-
Suggestion
-
Resolution: Fixed
We can still improve the responsiveness of indexing:
Sulka's suggestions:
-----------------
1) For every PDF and PPT file larger than 2 MB, put the files into the indexer queue instead of immediate reindex even during a complete reindex. Make the indexer queue sort the queue by the content size so that when choosing the next file to index, the smallest file size is preferred. This allows all content which indexes quickly do so and the wait to get the index working in the first place is much, much quicker for large installations.
2) Change the reindexing report to be an "administrative portlet" in the Dashboard instead of being it's own page - if an admin loses the indexing report page for some reason it's impossible to know when the indexing is supposed to have finished. It takes me 47 minutes to reindex fully and it's awkward to have to have the one page up for the whole time to see if it's completed.

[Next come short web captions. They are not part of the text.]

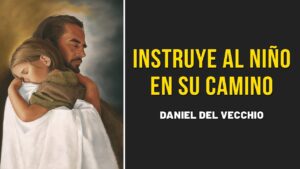 Portada del episodio Instruye al niño en su camino // Daniel Del Vecchio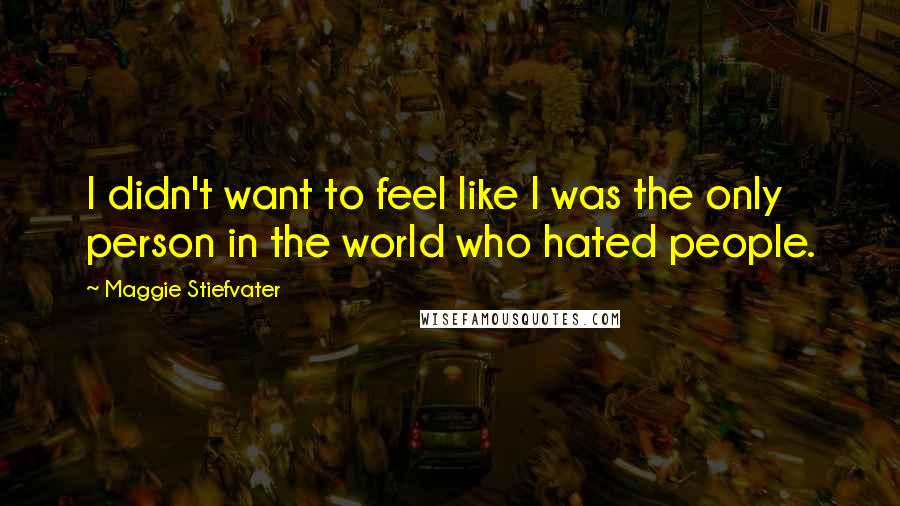 Maggie Stiefvater Quotes: I didn't want to feel like I was the only person in the world who hated people.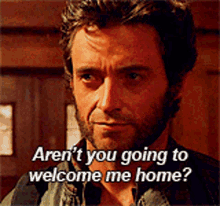 Arent You Going To Welcome Me Home Im Back GIF - Arent You Going To Welcome Me Home Im Back Im Home GIFs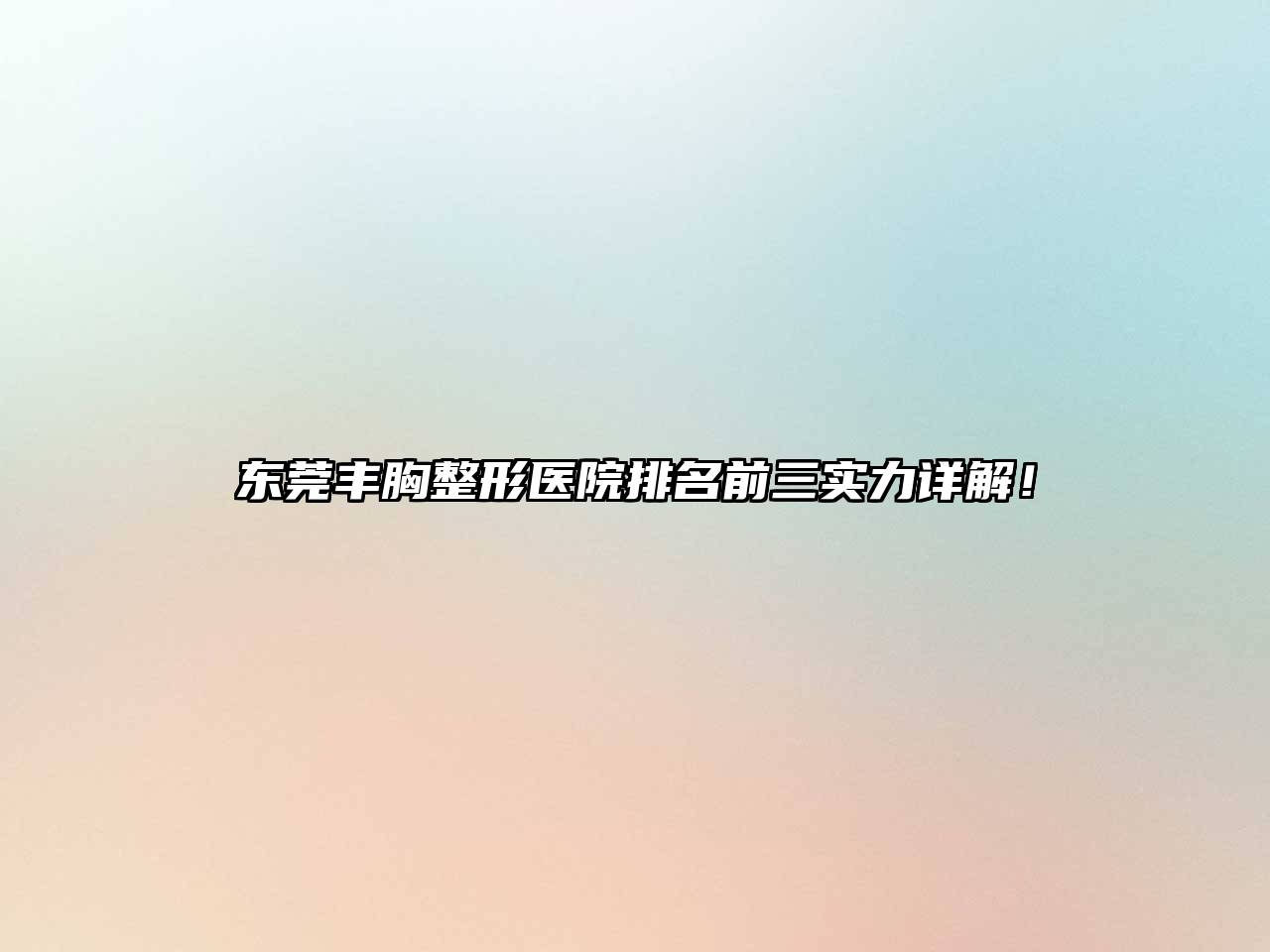 东莞丰胸整形医院排名前三实力详解！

3) Don't reindex immediately during reimporting data, change the system to get up and running first and trigger the indexing after the system is in usable condition. Maybe even make the reindex a manual thing the admin has to trigger? Preferably implement above portlet for monitoring. Or maybe add all files into the queue?
Charles' notes:
------------
- The major problem is that we tokenise attachments before we put them on the queue. This means that any operation that causes an attachment to be re-indexed will still hang while we analyse it: which can take some time when re-indexing or performing an import over lots of large attachments, or even when you're attaching a large single document to a page.
- The LongRunningTask UI is sub-optimal. When you're in a long running task, you get taken to this one page with no navigation, that you can't ever get back to. We'd be better off changing the re-index so that if you go to the re-index page while one is already in progress, you see the status bar there.